Many of the dogs they have taken were from so-called “puppy mills.” These factory farms breed helpless puppies, who are then kept in unacceptable conditions until the next “auction” or order from pet stores around the country.
The summer issue of Best Friends magazine reports that animal welfare organizations estimate “there are between 4,000 and 5,000 puppy mills in the U.S.,” located primarily in Pennsylvania and the Midwest. They specialize in purebreds. The commercial pet trade is all about profit and loss. Though the breeders are regulated by the U.S. Department of Agriculture’s Animal and Plant Health Inspection Service, evidence suggests that there is a severe dearth of inspectors and investigators. Many breeders are not in step with the provisions of the Animal Welfare Act. Regulation needs to be strengthened—but how is that possible with fewer than 100 inspectors overseeing thousands of breeders?
If all who are interested in acquiring a pet (or at least a purebred) were fully aware of the situation, they might think twice about it. Puppy mills and pet stores go together like kibbles and bits.
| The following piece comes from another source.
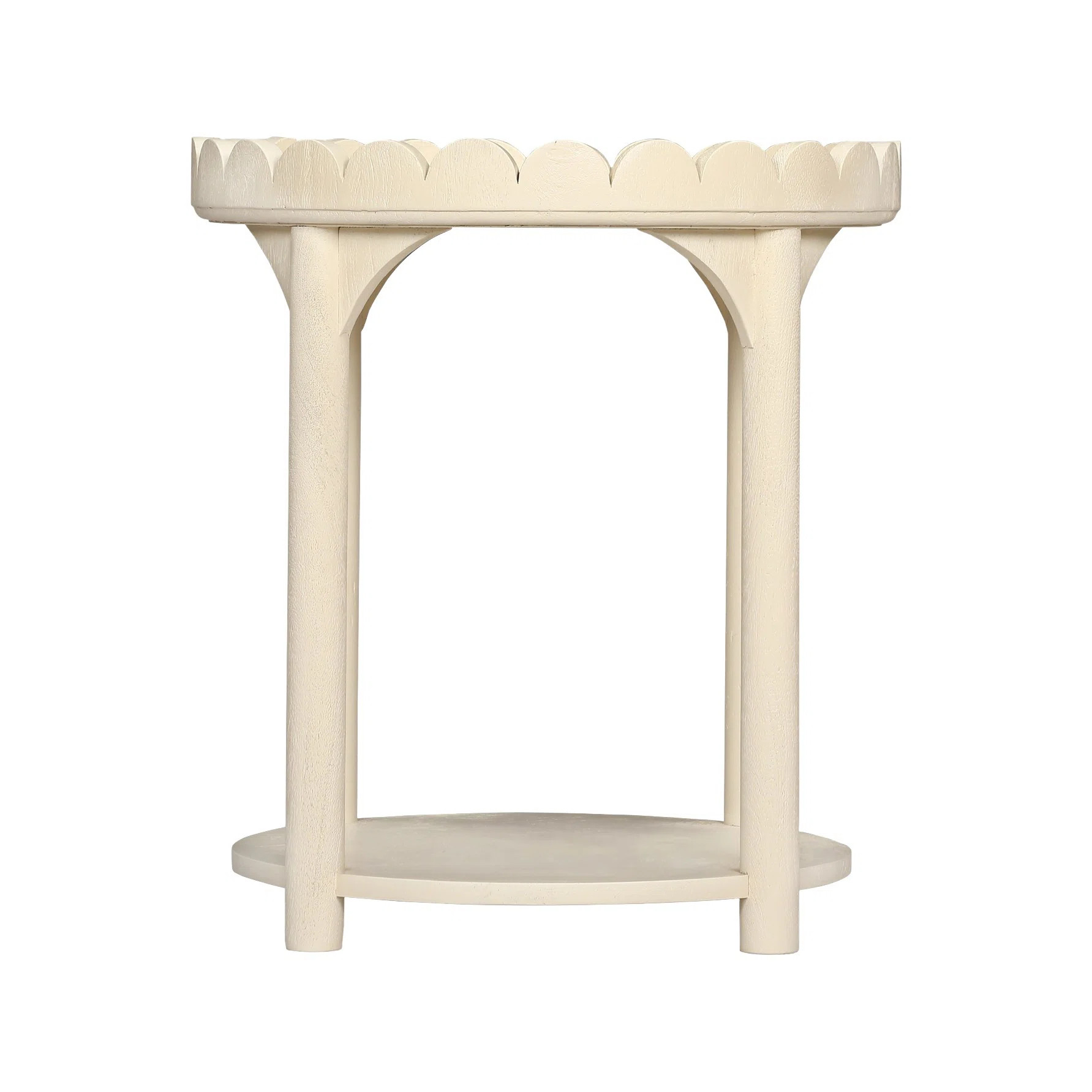 Madeline Scalloped Round Side Table White | Wayfair North America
The troubling fact is that only half the puppies from these mills ever make it to a pet shop. “The other half die,” reports Best Friends, from the mills’ “squalid conditions, hypothermia, starvation or the horrors of transport.” It is a contentious issue, to be sure, with legislators and special-interest groups not able to get into the same book, let alone on the same page.
We might, therefore, consider adopting our next best friend from a local shelter or rescue group. There are still a few “no kill” facilities, but most shelters lack sufficient space to accommodate the continuing influx and turnover of pets. Hence, many are euthanized. So by adopting from there, we not only save a life but offer a new and better one. Anyone who cares about what’s really happening “down on the farm” should make their voices heard.
Religious services for blessing animals remind us of the worth of all God’s creatures, how we connect and the glory they give God too.
This fall brings a new, large assortment of pet books. The Pulitzer Prize-winning columnist Anna Quindlen offers Good Dog: Stay (HarperCollins/Nov.), an ode to her Lab named Beau. Also coming are The Merck/Merial Manual for Pet Health—in Everyday Language (Merck/ Oct.) and Good Catkeeping: A Comprehen-sive Guide to All Things Feline, by Diane Morgan (T.F.H./Oct.).
May you and your own best friend know how lucky and special you are.